Weltkulturerbe mit Schusslöchern

Kambodscha gehört zu den geschundetsten Ländern der Welt. Gleichzeitig birgt es einen spektakulären Reichtum: Angkor. Ein Ort für Götter und Hollywoodstars – und vor allem für Touristen.



Als der französische Forscher Henri Mouhot im Januar 1860 auf eine riesige Tempelanlage im Dschungel von Kambodscha stößt, ist er überwältigt. „Ein Werk von Giganten“, notiert er in sein Tagebuch,


 „...größer als irgendetwas, was Griechen und Römer uns hinterlassen haben.“ Die Akropolis und das Kolosseum in Ehren – aber wer selbst schon mal Angkor besucht hat, wird der Einschätzung Mouhots kaum widersprechen wollen.    
Schon gar nicht Khin Leang. Während der junge Khmer in Stoffhosen, hellem Hemd und Turnschuhen durch die Tempel und Ruinen Angkors läuft, ist ihm der Stolz auf den größten Schatz seines Landes in jedem Satz anzuhören – auch wenn er die Fakten und Legenden über das architektonische Wunder nicht zum ersten Mal erzählt, schließlich ist er Touristenführer. Und es sind viele Fakten und Legenden.
„Jeder Stein hier hat eine Geschichte“, sagt der drahtige 30-Jährige und hebt die Augenbrauen über seinen dunklen Knopfaugen. Auch Khin Leang hat eine Geschichte. 
Die Historie von Angkor, die Vergangenheit Kambodschas und das Schicksal von Khin Leang: Diese drei Geschichten sind am Eingangstor von Angkor Wat eingemeißelt. Es sind zwar nur ein paar zentimetergroße Kerben im steinernen Torbogen, aber sie erzählen viel über das Land und die Menschen. Die Kerben stammen von Gewehrkugeln. Angkor ist ein Weltkulturerbe mit Schusslöchern.

Touristenführer mit Kriegserfahrung


Zwischen den Tempeln, wo heute die Touristen durchströmen, wurde bis vor einigen Jahren noch gekämpft. Khin Leang war dabei. Nicht hier, auf dem Gelände des heutigen Weltkulturerbes, aber bei den Gefechten auf den umliegenden Reisfeldern und im Dschungel. Als er 16 Jahre alt war, drückten ihm die Armeegeneräle ein Gewehr in die Hand. In Kambodscha herrschte Bürgerkrieg.
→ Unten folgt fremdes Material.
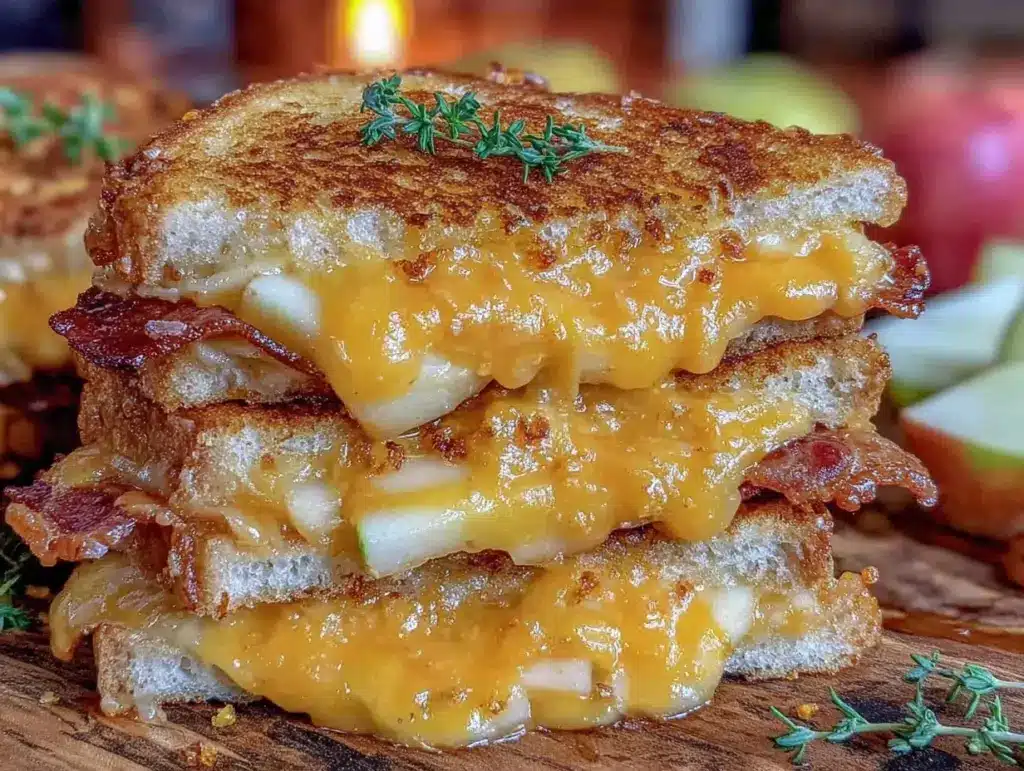 Apple Bacon Cheddar Grilled Cheese - featured image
Damals, Mitte der Neunziger, bäumten sich die Roten Khmer wieder auf – jenes Regime, das unter Pol Pot in den Siebziger Jahren fast zwei Millionen Menschen ermordet hatte.
Der jüngste Krieg in Kambodscha endete mit der endgültigen Niederlage der Roten Khmer. Khin Leang überlebte diese letzte Schlacht. Sein Bruder und seine Schwester nicht. Um das Erlebte zu verarbeiten, zog sich Khin in ein buddhistisches Kloster zurück und lebte als Mönch. Er habe viele Bücher in dieser Zeit gelesen, erzählt er, Bücher über Politik und Geschichte. Eine Antwort, warum in seinem Land soviel Blut vergossen wurde, habe er darin nicht finden können. Nach acht Jahren fühlte er sich endlich bereit, die schützenden Mauern des Klosters zu verlassen. Für junge Männer wie ihn gab es neue Perspektiven in Kambodscha.

Ein Ort der Superlative


Es herrschte nun ein stabiler Friede, und mit jedem Jahr waren mehr Besucher aus dem Ausland gekommen. Das Jahr 2013 ist ein Rekordjahr. Allein von Januar bis Juni 2013 wurden 1,12 Millionen Besucher registriert. Das sind sechs Prozent mehr als in der gleichen Zeitspanne im letzten Jahr. Thaizeit berichtete...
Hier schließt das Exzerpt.